Exercise
Below is a listing with pictures in it; transcribe exactly the lines from the one that has "Meadowlark Gold Plated Hera Double Hoops" through the one that has "New Roots Vitamin", and omit those pictures.

*** Data records ***

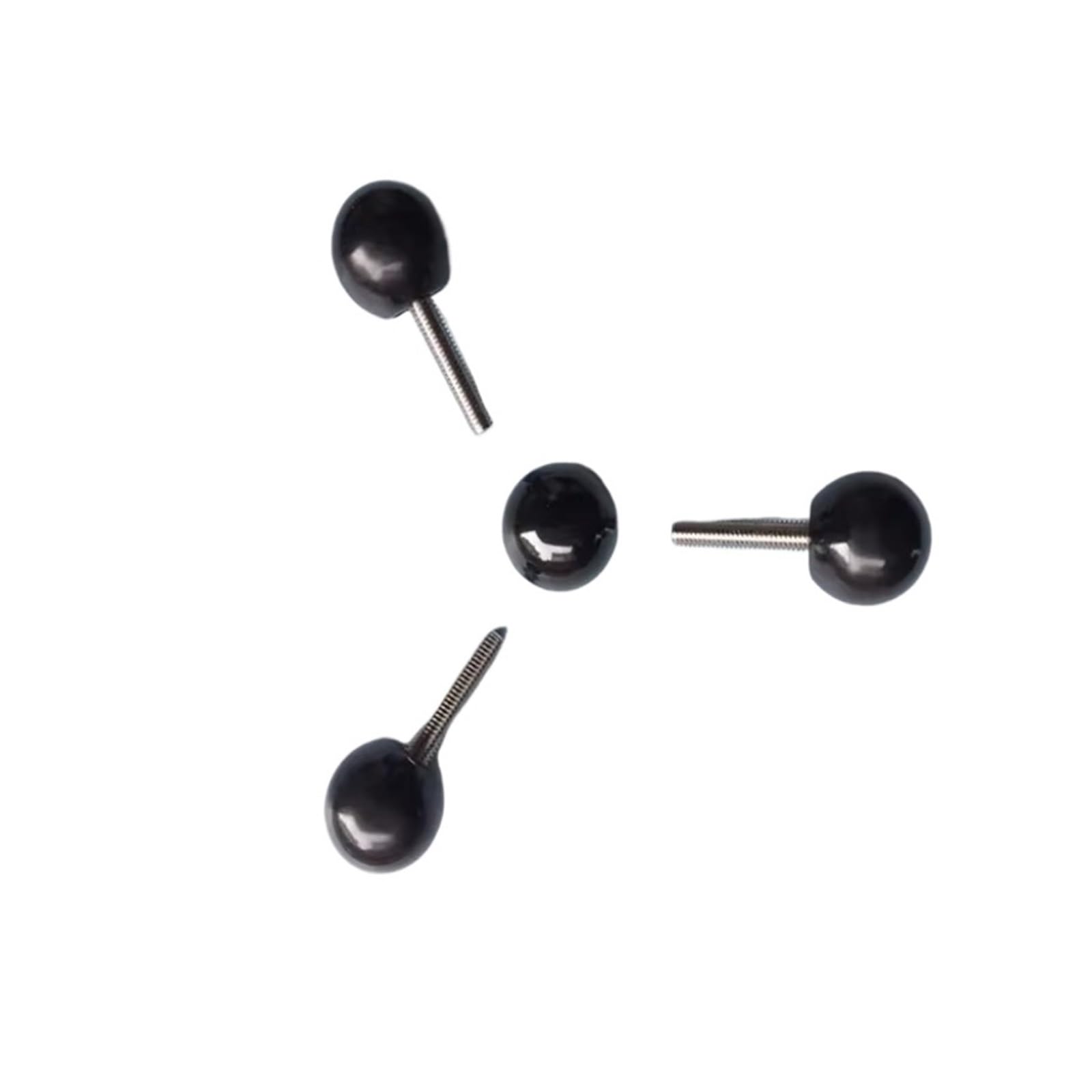 M5x (długość 10-50 mm) plastikowe kulki ze stali nierdzewnej z uchwytem kulkowym bakelit okrągłe śruby ręczne małe pokrętło czarne (M5 x 35 mm (2 szt.)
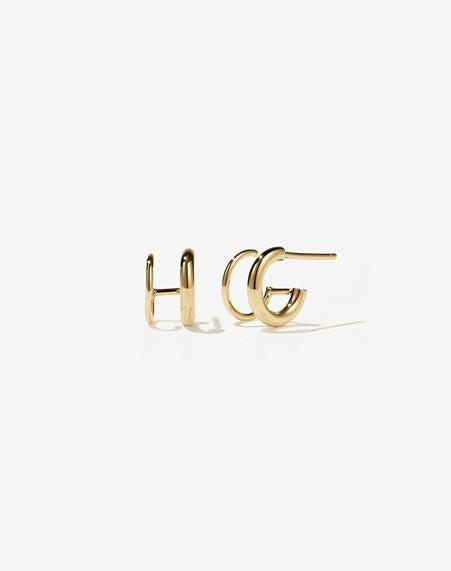 Meadowlark Gold Plated Hera Double Hoops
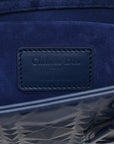 Calfskin Cannage Diamond Medium Lady D-Joy Navy Blue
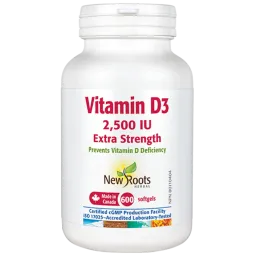 New Roots Vitamin D3 2,500 IU Extra Strength 600 Softgels | 每天不同折扣, 全网最低价格 | 种类齐全的保健品店铺 VITASHOP, 只有你想不到, 没有你买不到 !
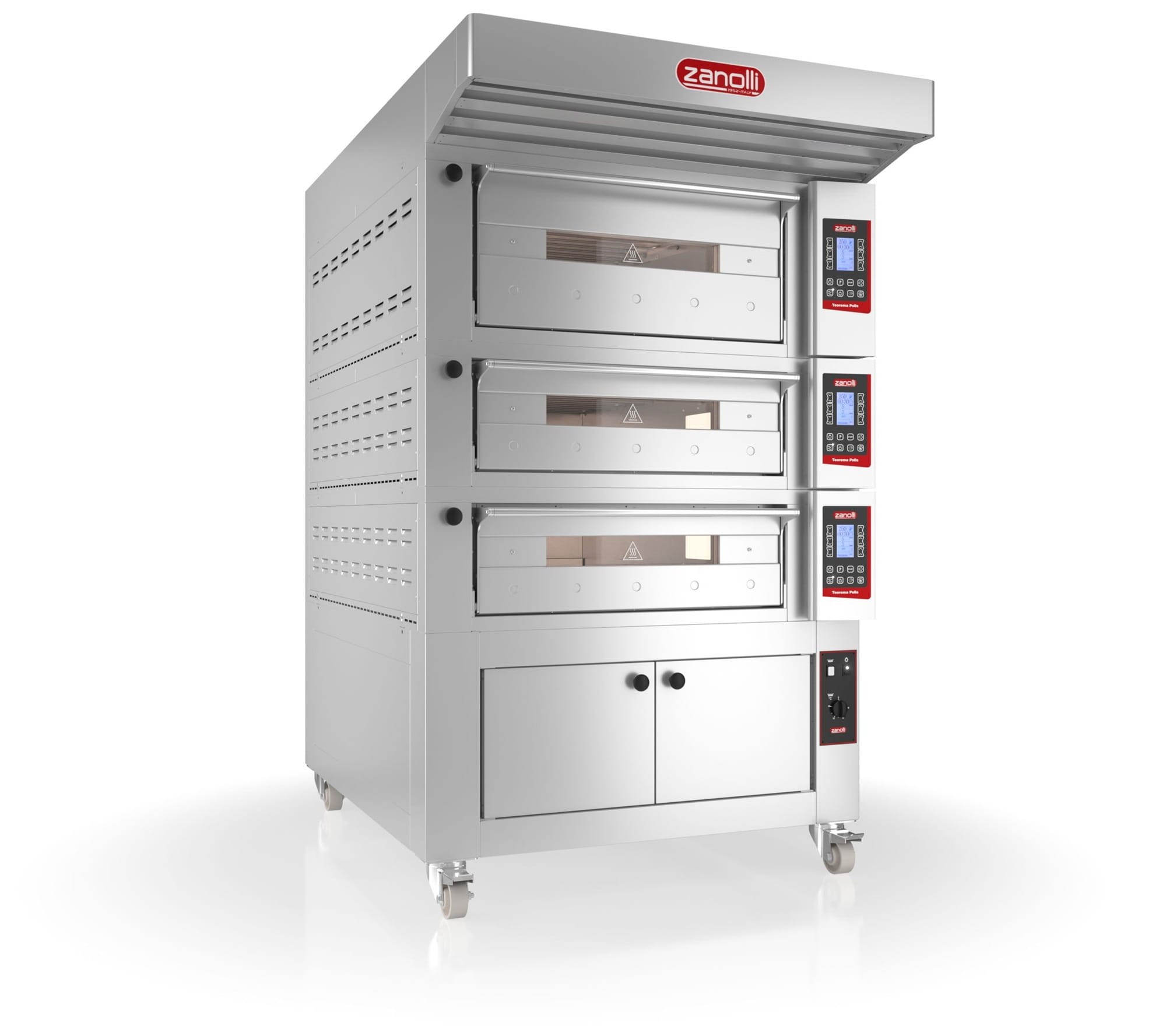 Piec elektryczny piekarniczy 1 komorowy, modułowy, h=18, 4x 400x600 mm, 6x33 cm - obrazek 2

*** End of Data records ***

Output
 Meadowlark Gold Plated Hera Double Hoops
 Calfskin Cannage Diamond Medium Lady D-Joy Navy Blue
 New Roots Vitamin D3 2,500 IU Extra Strength 600 Softgels | 每天不同折扣, 全网最低价格 | 种类齐全的保健品店铺 VITASHOP, 只有你想不到, 没有你买不到 !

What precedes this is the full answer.